INSTRUCTIONS FOR THE TASK:
With the pictures left out, write every entry down exactly.

╔══

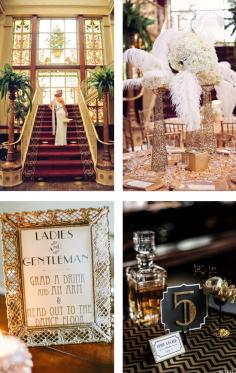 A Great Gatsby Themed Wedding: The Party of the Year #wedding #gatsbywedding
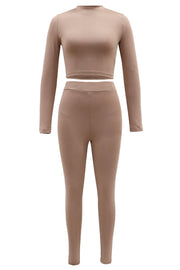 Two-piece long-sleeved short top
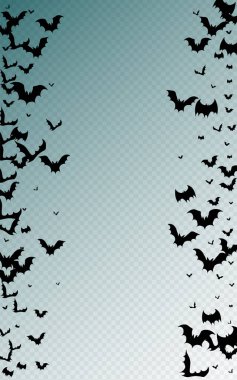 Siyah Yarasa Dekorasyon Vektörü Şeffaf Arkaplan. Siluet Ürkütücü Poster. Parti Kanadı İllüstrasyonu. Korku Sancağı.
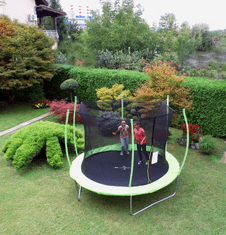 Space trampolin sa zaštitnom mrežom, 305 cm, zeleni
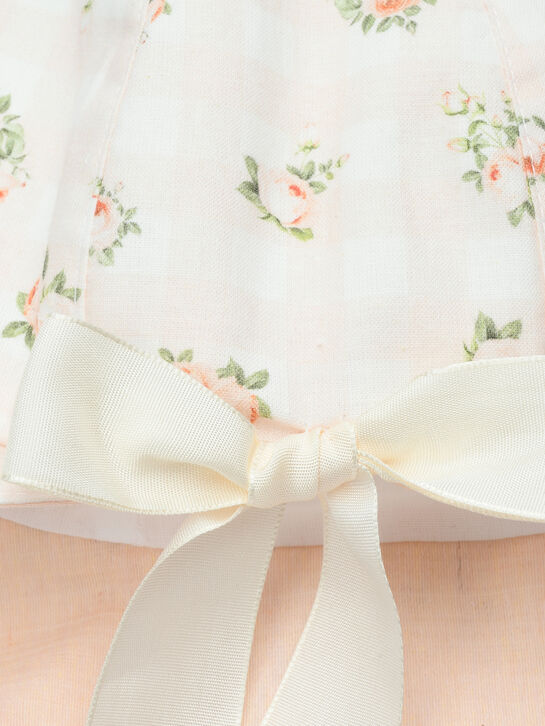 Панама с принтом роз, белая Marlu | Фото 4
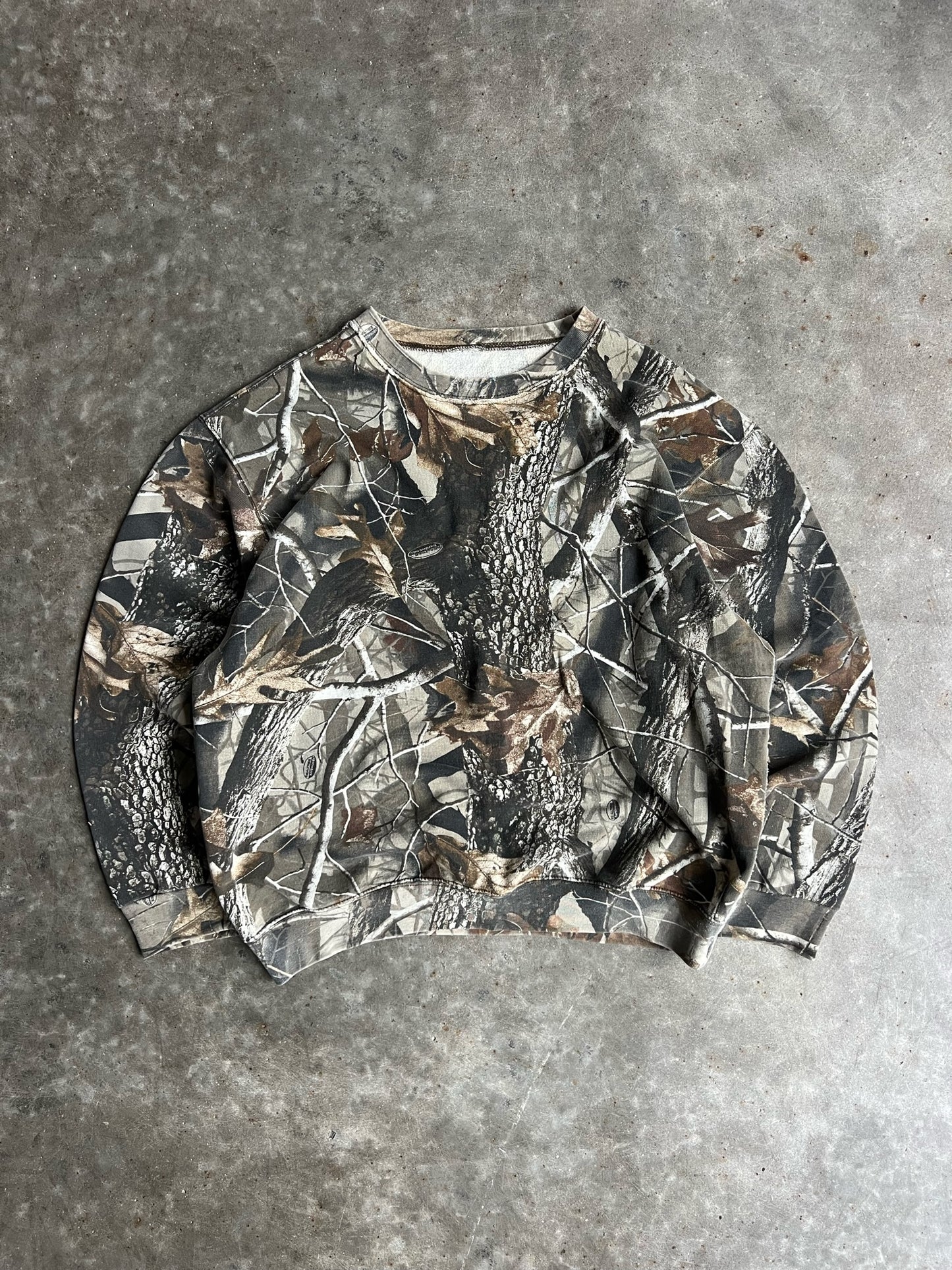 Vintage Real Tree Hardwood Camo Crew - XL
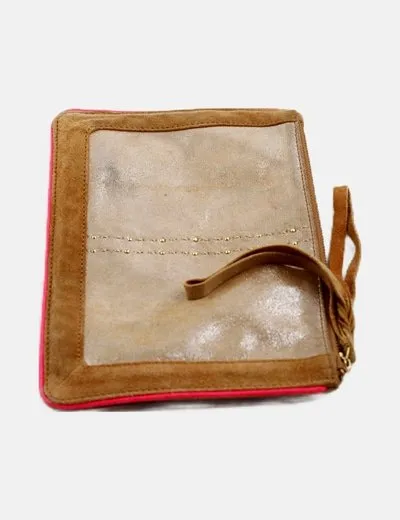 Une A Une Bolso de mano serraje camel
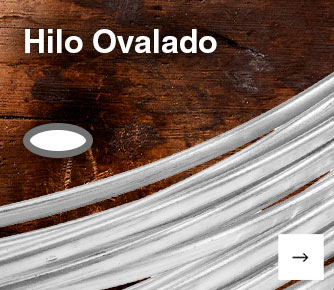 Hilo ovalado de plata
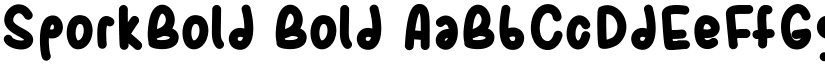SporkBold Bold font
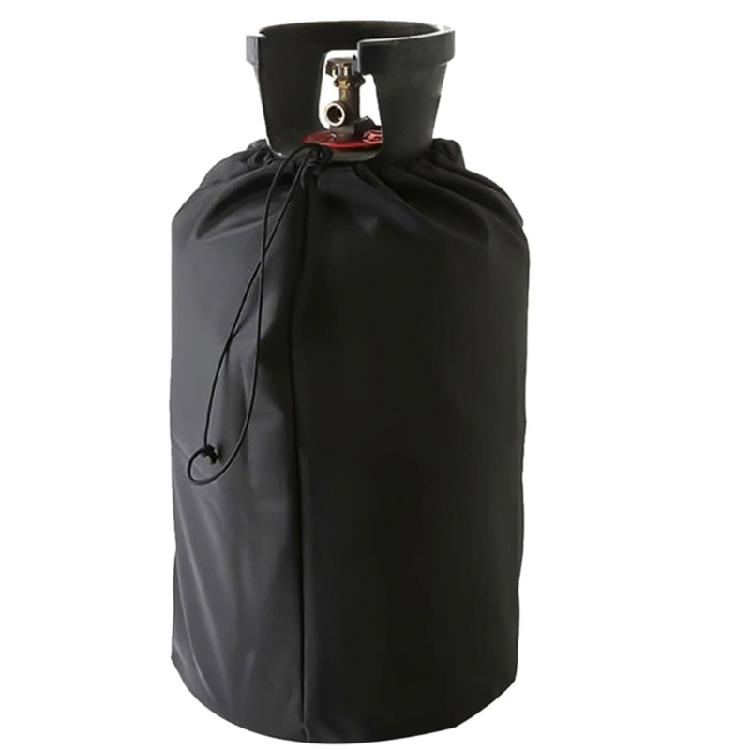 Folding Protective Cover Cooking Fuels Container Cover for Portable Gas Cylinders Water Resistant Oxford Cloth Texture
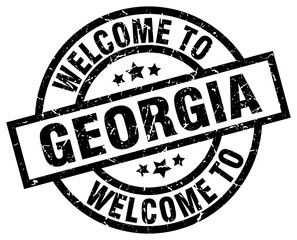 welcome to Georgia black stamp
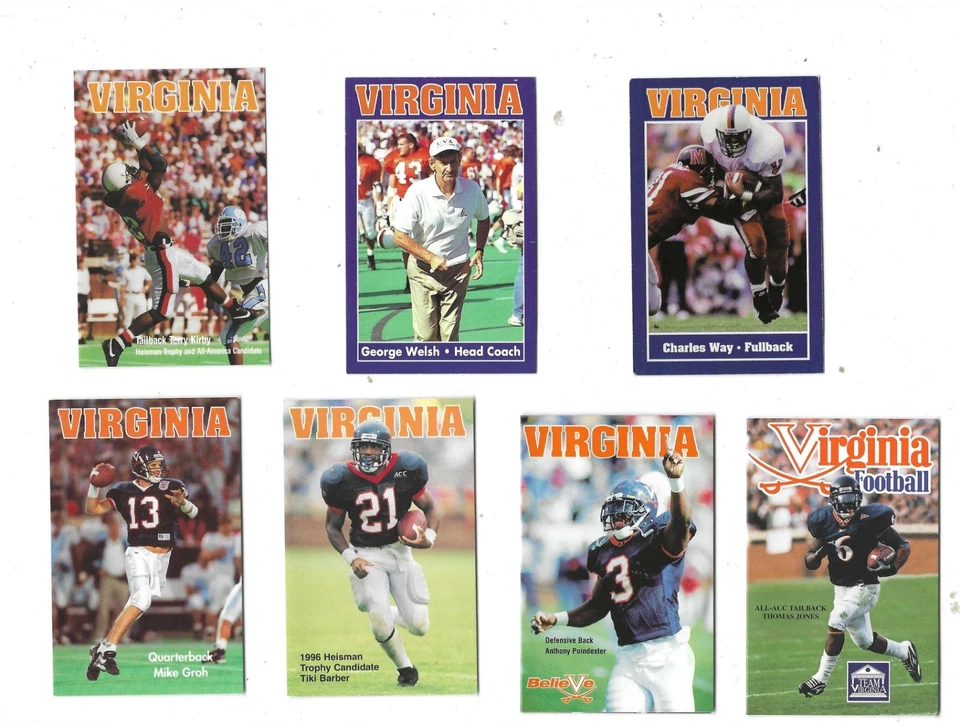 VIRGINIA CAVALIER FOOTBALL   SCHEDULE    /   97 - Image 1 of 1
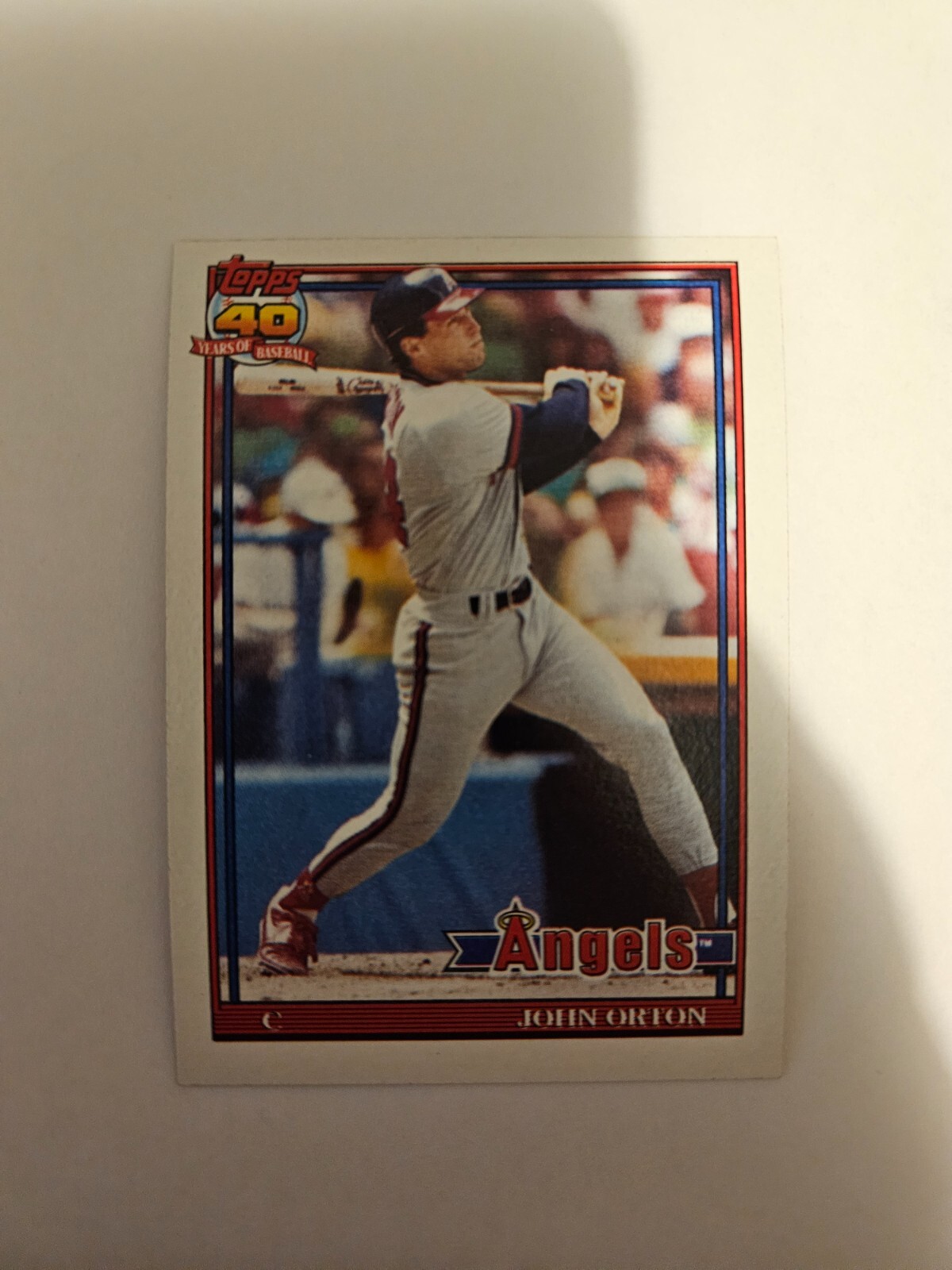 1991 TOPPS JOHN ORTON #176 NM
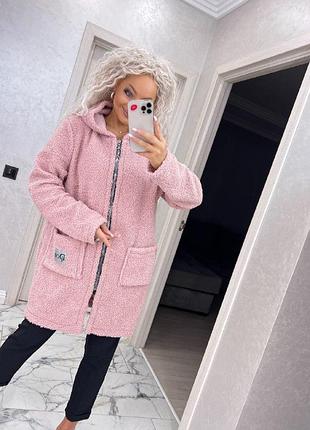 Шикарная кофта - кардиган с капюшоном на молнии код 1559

╚══

OUTPUT FOR THIS TASK:
 A Great Gatsby Themed Wedding: The Party of the Year #wedding #gatsbywedding
 Two-piece long-sleeved short top
 Siyah Yarasa Dekorasyon Vektörü Şeffaf Arkaplan. Siluet Ürkütücü Poster. Parti Kanadı İllüstrasyonu. Korku Sancağı.
 Space trampolin sa zaštitnom mrežom, 305 cm, zeleni
 Панама с принтом роз, белая Marlu | Фото 4
 Vintage Real Tree Hardwood Camo Crew - XL
 Une A Une Bolso de mano serraje camel
 Hilo ovalado de plata
SporkBold Bold font
 Folding Protective Cover Cooking Fuels Container Cover for Portable Gas Cylinders Water Resistant Oxford Cloth Texture
 welcome to Georgia black stamp
 VIRGINIA CAVALIER FOOTBALL   SCHEDULE    /   97 - Image 1 of 1
 1991 TOPPS JOHN ORTON #176 NM
 Шикарная кофта - кардиган с капюшоном на молнии код 1559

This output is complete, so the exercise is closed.